Could you return the lines below exactly, from the first line up to and including the line that holds "Captive Green Cheek"?

Short web captions
•••••
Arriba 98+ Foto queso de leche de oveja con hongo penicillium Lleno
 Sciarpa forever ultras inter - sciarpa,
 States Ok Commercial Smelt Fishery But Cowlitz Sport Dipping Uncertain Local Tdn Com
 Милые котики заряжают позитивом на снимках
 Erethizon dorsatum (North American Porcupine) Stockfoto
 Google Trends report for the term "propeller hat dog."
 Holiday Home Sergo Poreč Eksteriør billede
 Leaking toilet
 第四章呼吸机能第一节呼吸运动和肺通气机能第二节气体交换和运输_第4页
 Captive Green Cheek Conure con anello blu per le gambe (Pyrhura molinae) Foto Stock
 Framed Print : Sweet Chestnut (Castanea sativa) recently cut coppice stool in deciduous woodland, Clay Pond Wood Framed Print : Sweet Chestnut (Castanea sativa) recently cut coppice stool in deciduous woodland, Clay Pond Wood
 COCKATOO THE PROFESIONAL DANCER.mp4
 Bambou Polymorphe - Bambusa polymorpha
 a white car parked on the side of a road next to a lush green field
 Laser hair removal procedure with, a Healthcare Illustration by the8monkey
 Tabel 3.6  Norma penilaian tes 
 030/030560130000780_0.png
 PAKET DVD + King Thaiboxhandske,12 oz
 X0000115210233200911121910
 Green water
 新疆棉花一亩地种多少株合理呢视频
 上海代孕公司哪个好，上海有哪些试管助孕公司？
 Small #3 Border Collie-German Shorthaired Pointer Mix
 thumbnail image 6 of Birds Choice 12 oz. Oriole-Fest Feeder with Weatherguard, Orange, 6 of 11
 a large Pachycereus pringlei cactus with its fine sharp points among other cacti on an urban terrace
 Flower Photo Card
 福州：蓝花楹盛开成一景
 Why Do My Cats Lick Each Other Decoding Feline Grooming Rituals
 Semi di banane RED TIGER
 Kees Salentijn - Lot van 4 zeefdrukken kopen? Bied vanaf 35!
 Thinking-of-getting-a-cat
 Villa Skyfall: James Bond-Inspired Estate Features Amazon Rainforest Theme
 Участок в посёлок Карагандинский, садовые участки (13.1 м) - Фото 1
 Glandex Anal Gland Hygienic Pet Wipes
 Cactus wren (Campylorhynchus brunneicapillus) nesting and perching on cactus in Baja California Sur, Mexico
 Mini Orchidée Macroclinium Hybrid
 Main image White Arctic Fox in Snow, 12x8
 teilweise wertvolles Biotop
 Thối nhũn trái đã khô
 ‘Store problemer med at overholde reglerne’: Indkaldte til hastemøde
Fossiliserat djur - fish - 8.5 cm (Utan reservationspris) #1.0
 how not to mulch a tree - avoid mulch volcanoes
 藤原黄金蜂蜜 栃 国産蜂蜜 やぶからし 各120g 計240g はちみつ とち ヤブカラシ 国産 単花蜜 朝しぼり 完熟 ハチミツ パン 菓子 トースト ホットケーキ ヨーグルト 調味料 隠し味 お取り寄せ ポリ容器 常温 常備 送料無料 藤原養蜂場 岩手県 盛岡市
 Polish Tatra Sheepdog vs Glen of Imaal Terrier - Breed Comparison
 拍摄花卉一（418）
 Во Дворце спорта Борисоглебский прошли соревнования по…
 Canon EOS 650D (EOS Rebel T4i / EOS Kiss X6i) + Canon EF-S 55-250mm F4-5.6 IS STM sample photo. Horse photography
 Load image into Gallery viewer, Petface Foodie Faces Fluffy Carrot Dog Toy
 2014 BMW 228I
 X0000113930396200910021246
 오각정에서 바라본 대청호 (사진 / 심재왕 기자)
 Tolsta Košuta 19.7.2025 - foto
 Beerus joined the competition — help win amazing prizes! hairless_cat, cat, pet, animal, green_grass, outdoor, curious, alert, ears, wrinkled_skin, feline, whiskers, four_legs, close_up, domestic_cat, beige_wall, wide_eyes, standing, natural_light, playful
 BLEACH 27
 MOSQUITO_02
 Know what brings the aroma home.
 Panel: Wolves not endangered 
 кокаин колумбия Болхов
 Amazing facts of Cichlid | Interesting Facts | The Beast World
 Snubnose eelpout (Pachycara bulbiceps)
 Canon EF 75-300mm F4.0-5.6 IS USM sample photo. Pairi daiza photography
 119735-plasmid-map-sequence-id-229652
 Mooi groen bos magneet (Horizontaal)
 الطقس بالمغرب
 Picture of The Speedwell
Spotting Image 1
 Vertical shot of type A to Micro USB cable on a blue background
•••••
> **Output for this exercise**
Arriba 98+ Foto queso de leche de oveja con hongo penicillium Lleno
 Sciarpa forever ultras inter - sciarpa,
 States Ok Commercial Smelt Fishery But Cowlitz Sport Dipping Uncertain Local Tdn Com
 Милые котики заряжают позитивом на снимках
 Erethizon dorsatum (North American Porcupine) Stockfoto
 Google Trends report for the term "propeller hat dog."
 Holiday Home Sergo Poreč Eksteriør billede
 Leaking toilet
 第四章呼吸机能第一节呼吸运动和肺通气机能第二节气体交换和运输_第4页
 Captive Green Cheek Conure con anello blu per le gambe (Pyrhura molinae) Foto Stock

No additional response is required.